Asia Pacific may take till 2065 to achieve 2030 sustainable development targets

Covid-19 and the continued regression on climate action and resource use have caused the biggest slowdown in pace since the targets were set in 2015. Southeast Asia and the Pacific are particularly lagging.

Dharavi slum area in Mumbai, India.
Dharavi slum area in Mumbai, India. Image: ElenaOdareeva, CC BY-SA 2.0

A better future is now further out of reach for over half the world’s population that lives in the Asia Pacific region, according to a United Nations (UN) report.

It’s the biggest documented slide since a set of 17 global Sustainable Development Goals were established in 2015, as part of global efforts to eradicate poverty, protect the environment and promote economic growth.

In 2017, UN said the 2030 targets could be achieved by 2052. In 2019, the estimate extended five years to 2057, ahead of the latest extension of eight years. As per reports from past years, none of the 17 goals are on track for 2030.

SDG progress 2021 Asia Pacific

Snapshot of SDG progress in Asia and the Pacific. The vertical line for 2021 shows the progress needed on each goal to meet 2030 targets; none are on track. Image: UN ESCAP. [click to expand]

Indicators on climate action continue to regress. Despite the region having better disaster management strategies, records show that nearly 36,000 people died or went missing from disasters in 2020 – the highest since 2015. Greenhouse gas emissions rose 0.6 per cent between 2015 and 2018.

According to data by the UN Economic and Social Commission for Asia and the Pacific, there has never been progress on climate action since tracking began in 2016.

The responsible use of resources such as food and fuels is also in the red, due to continued fossil fuel subsidies and the increasing demand for raw materials. Two bright spots are the 150 per cent rise in renewable energy capacity and 9 per cent drop in the amount of hazardous waste produced, against 2015 levels.

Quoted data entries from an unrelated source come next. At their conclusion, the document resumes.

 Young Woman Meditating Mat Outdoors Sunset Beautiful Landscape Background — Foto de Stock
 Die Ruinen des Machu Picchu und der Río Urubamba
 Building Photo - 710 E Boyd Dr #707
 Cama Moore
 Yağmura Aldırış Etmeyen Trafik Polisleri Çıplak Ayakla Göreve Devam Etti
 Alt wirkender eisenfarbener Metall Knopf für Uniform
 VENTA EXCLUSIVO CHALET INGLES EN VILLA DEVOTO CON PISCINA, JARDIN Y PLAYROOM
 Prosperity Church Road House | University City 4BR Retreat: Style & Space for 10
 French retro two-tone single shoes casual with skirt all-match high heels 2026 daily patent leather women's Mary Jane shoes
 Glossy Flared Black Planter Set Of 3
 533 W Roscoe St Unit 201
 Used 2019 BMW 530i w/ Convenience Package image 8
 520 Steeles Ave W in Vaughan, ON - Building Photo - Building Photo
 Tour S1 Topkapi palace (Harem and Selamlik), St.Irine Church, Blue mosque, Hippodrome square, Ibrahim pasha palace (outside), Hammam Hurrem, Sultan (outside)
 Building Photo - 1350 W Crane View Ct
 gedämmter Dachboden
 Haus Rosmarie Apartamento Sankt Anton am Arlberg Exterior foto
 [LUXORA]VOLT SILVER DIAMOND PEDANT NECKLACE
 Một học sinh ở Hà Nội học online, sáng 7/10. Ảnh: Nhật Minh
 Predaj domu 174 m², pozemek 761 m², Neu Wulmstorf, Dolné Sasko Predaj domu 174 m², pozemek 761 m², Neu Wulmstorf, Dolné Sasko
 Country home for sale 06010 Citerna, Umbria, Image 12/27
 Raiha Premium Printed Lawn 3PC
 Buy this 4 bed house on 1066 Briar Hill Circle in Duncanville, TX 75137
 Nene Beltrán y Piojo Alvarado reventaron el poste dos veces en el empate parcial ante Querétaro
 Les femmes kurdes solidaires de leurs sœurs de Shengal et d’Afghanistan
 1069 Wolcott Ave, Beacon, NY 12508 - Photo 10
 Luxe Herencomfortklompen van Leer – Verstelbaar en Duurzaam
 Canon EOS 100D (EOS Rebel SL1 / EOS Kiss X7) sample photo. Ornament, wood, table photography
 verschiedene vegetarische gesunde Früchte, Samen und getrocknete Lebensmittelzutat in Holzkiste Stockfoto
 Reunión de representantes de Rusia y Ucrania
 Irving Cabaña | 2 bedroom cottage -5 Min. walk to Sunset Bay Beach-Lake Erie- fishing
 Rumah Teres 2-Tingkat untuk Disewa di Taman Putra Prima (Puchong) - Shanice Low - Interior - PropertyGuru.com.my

The biggest gains were made in infrastructure and industrial innovation, especially in East and North-East Asia, which includes China, Japan and South Korea. However, report coordinator Arman Bidarbakht-Nia said that such gains were “not environmentally sustainable” when placed alongside the other indicators.

Southeast Asia and the Pacific regions fared the worst, with additional regressions in indices such as clean water and sanitation, and inequality.

The Asian Development Bank recently reported that 4.7 million more people in Southeast Asia fell into extreme poverty last year due to the Covid-19 pandemic. In total, over 23 million Southeast Asians now live on less than US$1.90 a day.

Covid-19 has further held back development, the report noted.

“In this time of great change and difficult challenges, there is an urgent need to redouble efforts to fully implement the 2030 agenda for sustainable development, especially for those furthest behind,” said Armida Salsiah Alisjahbana, under secretary-general of the United Nations.

Vulnerable suffering more

The report warned that vulnerable groups in Asia Pacific could face greater risks due to Covid-19. They include children, women, poor households, the disabled and those facing social exclusion. A third of global child refugees also live in the region.

The report cited studies showing the number of children eating a healthy, diverse diet dropping 32 per cent in Indonesia and 68 per cent in the Philippines. Help for the most malnourished – numbering about 32 million – were also found to be disrupted during the pandemic.

The number of children missing regular doses of vaccines against diseases such as chickenpox and polio jumped during the pandemic, compromising their future health. In India, 3.5 million children did not get their usual vaccine regimen in 2020, compared to 2.1 million in 2019.

Meanwhile, pregnant women went for less pre-birth check-ups that protect both mothers and their unborn children. At the peak of the pandemic in mid-2020, clinics saw a 30 per cent drop in antenatal care visits year-on-year. The number of risky home deliveries was also higher on-year since March 2020.

Online search keywords such as “experiencing sexual violence” jumped as much as 70 per cent in Malaysia during lockdowns.

Recorded migrant deaths rose sharply in 2021, in part due to military conflicts in Myanmar and Afghanistan.

“Leaving no one behind, regardless of age, gender, race, ethnicity, location, disability or migratory status, remains the central commitment of the 2030 agenda, and the need to reach those who are furthest behind has never been greater,” the report noted.

Data availability

The amount of data available to researchers to track the 17 Sustainable Development Goals doubled since 2017, but over 10 per cent of 231 tracked metrics could not be measured in 2021. Another 35 per cent of data was considered insufficient for full analyses.

Data on gender, water-based biodiversity, as well as peace, justice and institutions are limited, according to the report. It called for greater coordination between national and international agencies for data collection.

Philippines provided the most data, providing information for 76 per cent of tracked figures, though not all were considered in sufficient detail. Northern Mariana Islands furnished the least details, for only 13 per cent of figures. The bottom six countries were all Pacific island states.

“It is often several characteristics that together create vulnerabilities,” said Bidarbakht-Nia. “A big part of vulnerabilities is still invisible to us. We need a lot more data to better understand them.”